In this analysis, I will be using a real property that I came across. It is a self-storage portfolio in Missouri. They had four properties and an additional property was in a strip mall, so they were leasing it. This property was interesting because it was in one of our target markets.



You can read this entire episode here: https://montecarlorei.com/how-to-analyze-a-commercial-property/



We asked for the offering memorandum, sometimes the OM is readily available on the website that you find the property, sometimes you just need to sign a non-disclosure agreement before getting it. The first thing we do when analyzing a property is taking all of the financial analysis numbers and putting into a spreadsheet. That’s all of the existing income, and all of the expenses on the Excel spreadsheet. Everything is broken down as it shows in the OM.


Some of the expenses for this particular property are: online advertising expenses, bank charges, employee benefits, insurance, here is a line item for the leased property that is on the trip center, payroll expenses, management fees, security expenses, telephone expenses, repair expenses, general and admin, utilities and the most important one, property taxes. Property taxes are the expenses that can kill deals for inexperienced investors. Why? Because the real estate agent is going to put the existing property taxes on their analysis. And typically you are buying the property for a higher price than what the seller bought it for. And so property taxes can double and sometimes triple as it is in this example. And if you don’t realize that until the last minute, or even until after you purchased the property, that can be a huge problem. So in this example, the real estate agent put the existing property taxes, and for a 3 million dollar property, these taxes were $20,000 per year.

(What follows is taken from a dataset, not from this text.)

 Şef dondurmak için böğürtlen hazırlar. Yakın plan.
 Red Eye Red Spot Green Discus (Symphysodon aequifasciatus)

I asked the real estate agent, what do you estimate the property taxes will be at the $3 million purchase price? And the real estate agent answered $61,000. That is three times what they had in their financial analysis. This is something that you really need to be watching out for, for these type of deals, and also for other asset classes. As we have talked about before in the retail world, even though your tenants will pay for that tax, you really want to be considering if they can afford to pay for these additional taxes. And in the retail example, a lot of times they may have in their lease that the only increase in tax that they’re willing to pay is an additional 10 percent per year, for example. And 10 percent per year isn’t going to cut it if your property taxes are being tripled.